Source data START

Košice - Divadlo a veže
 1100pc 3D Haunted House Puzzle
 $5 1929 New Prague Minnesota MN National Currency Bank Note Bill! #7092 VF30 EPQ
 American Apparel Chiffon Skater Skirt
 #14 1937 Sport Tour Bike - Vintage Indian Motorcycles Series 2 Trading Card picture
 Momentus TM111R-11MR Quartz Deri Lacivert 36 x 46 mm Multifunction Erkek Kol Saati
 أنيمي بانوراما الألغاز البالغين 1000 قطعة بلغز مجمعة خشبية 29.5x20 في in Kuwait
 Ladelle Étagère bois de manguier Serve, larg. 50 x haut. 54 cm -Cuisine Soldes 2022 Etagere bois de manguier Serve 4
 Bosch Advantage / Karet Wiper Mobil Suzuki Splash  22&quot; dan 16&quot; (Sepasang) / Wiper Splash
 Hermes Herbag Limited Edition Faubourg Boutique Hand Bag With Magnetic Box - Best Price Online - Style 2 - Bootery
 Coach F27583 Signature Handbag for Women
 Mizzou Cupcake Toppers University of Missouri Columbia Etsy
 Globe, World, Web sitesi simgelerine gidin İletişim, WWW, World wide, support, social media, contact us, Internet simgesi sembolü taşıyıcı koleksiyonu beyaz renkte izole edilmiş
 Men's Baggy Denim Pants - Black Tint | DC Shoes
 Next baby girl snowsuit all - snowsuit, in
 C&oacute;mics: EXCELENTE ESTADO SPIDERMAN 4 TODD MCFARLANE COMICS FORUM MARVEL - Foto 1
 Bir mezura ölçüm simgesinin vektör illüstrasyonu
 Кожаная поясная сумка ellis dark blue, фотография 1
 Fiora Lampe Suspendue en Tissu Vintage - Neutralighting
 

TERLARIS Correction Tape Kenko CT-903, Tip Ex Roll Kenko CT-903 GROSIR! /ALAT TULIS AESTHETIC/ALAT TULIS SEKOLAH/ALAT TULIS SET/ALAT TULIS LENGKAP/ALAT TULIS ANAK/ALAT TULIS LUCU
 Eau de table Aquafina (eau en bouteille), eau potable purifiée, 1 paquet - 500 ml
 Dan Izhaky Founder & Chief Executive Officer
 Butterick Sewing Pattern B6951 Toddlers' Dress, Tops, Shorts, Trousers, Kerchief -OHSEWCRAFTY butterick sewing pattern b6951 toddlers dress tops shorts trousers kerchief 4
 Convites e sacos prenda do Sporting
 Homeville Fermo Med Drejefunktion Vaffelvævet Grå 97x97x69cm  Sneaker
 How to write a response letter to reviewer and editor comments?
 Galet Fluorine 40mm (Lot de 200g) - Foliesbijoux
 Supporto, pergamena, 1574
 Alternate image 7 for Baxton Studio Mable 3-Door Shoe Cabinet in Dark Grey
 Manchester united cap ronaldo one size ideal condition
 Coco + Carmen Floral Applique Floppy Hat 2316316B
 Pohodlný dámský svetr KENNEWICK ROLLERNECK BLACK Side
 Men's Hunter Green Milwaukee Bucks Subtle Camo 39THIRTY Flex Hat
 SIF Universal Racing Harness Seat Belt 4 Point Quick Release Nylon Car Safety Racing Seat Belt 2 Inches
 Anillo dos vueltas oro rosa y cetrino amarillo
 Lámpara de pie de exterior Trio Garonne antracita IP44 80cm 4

Source data END

For each entry above, write out an exact copy.

Košice - Divadlo a veže
 1100pc 3D Haunted House Puzzle
 $5 1929 New Prague Minnesota MN National Currency Bank Note Bill! #7092 VF30 EPQ
 American Apparel Chiffon Skater Skirt
 #14 1937 Sport Tour Bike - Vintage Indian Motorcycles Series 2 Trading Card picture
 Momentus TM111R-11MR Quartz Deri Lacivert 36 x 46 mm Multifunction Erkek Kol Saati
 أنيمي بانوراما الألغاز البالغين 1000 قطعة بلغز مجمعة خشبية 29.5x20 في in Kuwait
 Ladelle Étagère bois de manguier Serve, larg. 50 x haut. 54 cm -Cuisine Soldes 2022 Etagere bois de manguier Serve 4
 Bosch Advantage / Karet Wiper Mobil Suzuki Splash  22&quot; dan 16&quot; (Sepasang) / Wiper Splash
 Hermes Herbag Limited Edition Faubourg Boutique Hand Bag With Magnetic Box - Best Price Online - Style 2 - Bootery
 Coach F27583 Signature Handbag for Women
 Mizzou Cupcake Toppers University of Missouri Columbia Etsy
 Globe, World, Web sitesi simgelerine gidin İletişim, WWW, World wide, support, social media, contact us, Internet simgesi sembolü taşıyıcı koleksiyonu beyaz renkte izole edilmiş
 Men's Baggy Denim Pants - Black Tint | DC Shoes
 Next baby girl snowsuit all - snowsuit, in
 C&oacute;mics: EXCELENTE ESTADO SPIDERMAN 4 TODD MCFARLANE COMICS FORUM MARVEL - Foto 1
 Bir mezura ölçüm simgesinin vektör illüstrasyonu
 Кожаная поясная сумка ellis dark blue, фотография 1
 Fiora Lampe Suspendue en Tissu Vintage - Neutralighting
 

TERLARIS Correction Tape Kenko CT-903, Tip Ex Roll Kenko CT-903 GROSIR! /ALAT TULIS AESTHETIC/ALAT TULIS SEKOLAH/ALAT TULIS SET/ALAT TULIS LENGKAP/ALAT TULIS ANAK/ALAT TULIS LUCU
 Eau de table Aquafina (eau en bouteille), eau potable purifiée, 1 paquet - 500 ml
 Dan Izhaky Founder & Chief Executive Officer
 Butterick Sewing Pattern B6951 Toddlers' Dress, Tops, Shorts, Trousers, Kerchief -OHSEWCRAFTY butterick sewing pattern b6951 toddlers dress tops shorts trousers kerchief 4
 Convites e sacos prenda do Sporting
 Homeville Fermo Med Drejefunktion Vaffelvævet Grå 97x97x69cm  Sneaker
 How to write a response letter to reviewer and editor comments?
 Galet Fluorine 40mm (Lot de 200g) - Foliesbijoux
 Supporto, pergamena, 1574
 Alternate image 7 for Baxton Studio Mable 3-Door Shoe Cabinet in Dark Grey
 Manchester united cap ronaldo one size ideal condition
 Coco + Carmen Floral Applique Floppy Hat 2316316B
 Pohodlný dámský svetr KENNEWICK ROLLERNECK BLACK Side
 Men's Hunter Green Milwaukee Bucks Subtle Camo 39THIRTY Flex Hat
 SIF Universal Racing Harness Seat Belt 4 Point Quick Release Nylon Car Safety Racing Seat Belt 2 Inches
 Anillo dos vueltas oro rosa y cetrino amarillo
 Lámpara de pie de exterior Trio Garonne antracita IP44 80cm 4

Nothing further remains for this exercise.